With respect to Deposited Securities represented by ADSs for which no timely voting instructions are received by the Depositary from the holder of ADSs, the Depositary shall deem such holder to have instructed the Depositary to give a discretionary proxy to a person designated by the Company to vote the Deposited Securities represented by such holders’ ADSs; provided, however, that no such discretionary proxy shall be given by the Depositary with respect to any matter to be voted upon as to which the Company informs the Depositary that (i) the Company does not wish such proxy to be given, (ii) substantial opposition exists, or (iii) the rights of holders of Deposited Securities may be materially adversely affected.

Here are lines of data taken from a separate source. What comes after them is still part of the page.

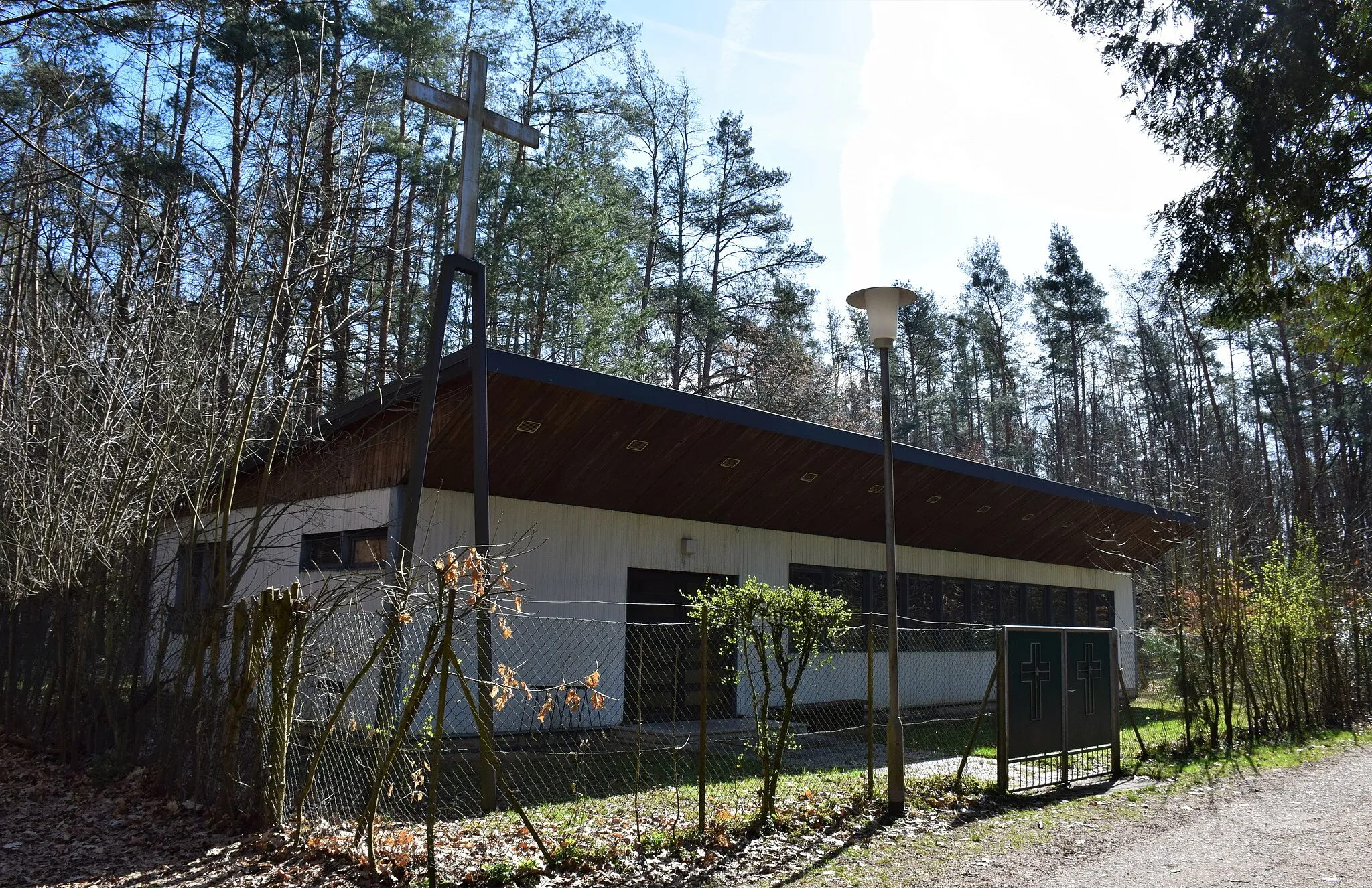 Photo showing: Kirchenpavillon Christus dem König in Waldacker (Rödermark); Zweigstelle der katholischen Pfarrgemeinde St. Nazarius (Ober-Roden)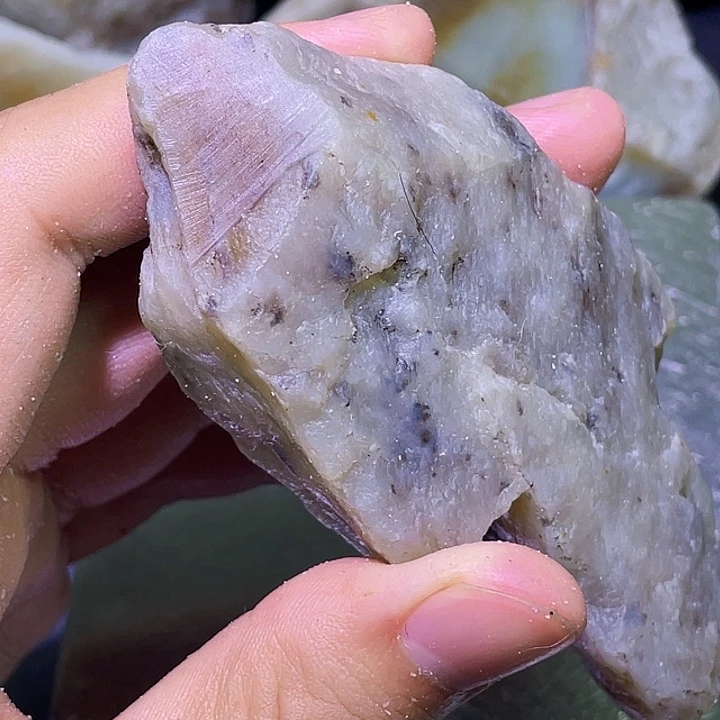 和田玉（糖玉）未镶嵌珠宝半成品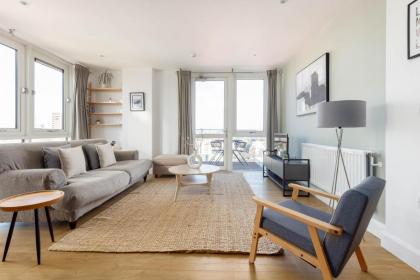 The Bow Flats - image 7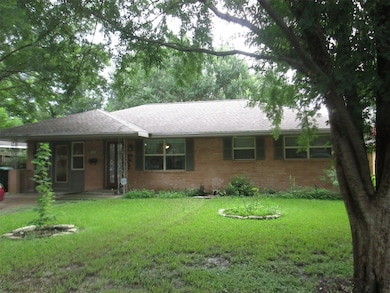 4806 Blanton Blvd, Houston, TX 77092 - photo 2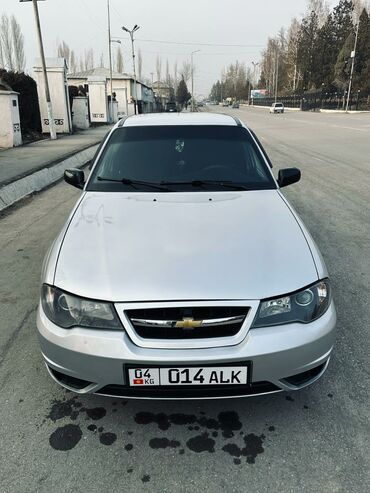 нехсия машина: Daewoo Nexia: 2010 г., 1.6 л, Механика, Бензин, Седан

By way of example and not limitation, it is agreed that routine matters, such as appointing auditors and directors (except where a competing director or slate of directors is proposed), or the approval of a public offering or private placement of securities, would not materially affect the rights of holders of ADSs.

If you do not wish to vote as an ADS holder but rather wish to vote as a holder of the Company’s ordinary shares, you will need to arrange for the cancellation of your ADSs and become a shareholder in France before the French Record Date. You are advised to proceed with the cancellation of your ADSs well in advance of the French Record Date as the cancellation of ADSs and the delivery of the corresponding ordinary shares in France may be subject to unexpected processing delays.

DTC Holders

In order to vote their ADSs, owners of ADSs (“DTC Holders”) holding their ADSs in a brokerage or custodian account through The Depository Trust Company (“DTC”) as of the ADS Record Date must continue to own their ADSs as of the French Record Date and must instruct their broker or custodian to give voting instructions to the Depositary and to confirm ownership of the ADSs to the Depositary. On the French Record Date the Depositary will verify the continued ownership of the ADSs by the instructing DTC Holders with the applicable brokers or custodians (through which the instructing DTC Holders provided voting instructions to the Depositary). Failure to confirm continued ownership of ADSs as of the French Record Date will invalidate the voting instructions previously delivered.

Registered Holders

In order to vote their ADSs, Holders of ADSs registered in their name on the books of the Depositary (“Registered Holders”) must timely deliver a Voting Instructions Card to the Depositary and continue to be the Registered Holders of their ADSs as of the French Record Date. If a Registered Holder transfers or cancels ADSs at any time before the French Record Date, then any voting instructions delivered to the Depositary by such Registered Holder will be invalidated. On the French Record Date, the Depositary will verify the continued registration on its books of the ADSs in the name of the instructing Registered Holders (who also held the ADSs as of the ADS Record Date) and will recognize as valid only the voting instructions that were timely received from Registered Holders as of the ADS Record Date who continue to be the Registered Holders of the ADS as of the French Record Date.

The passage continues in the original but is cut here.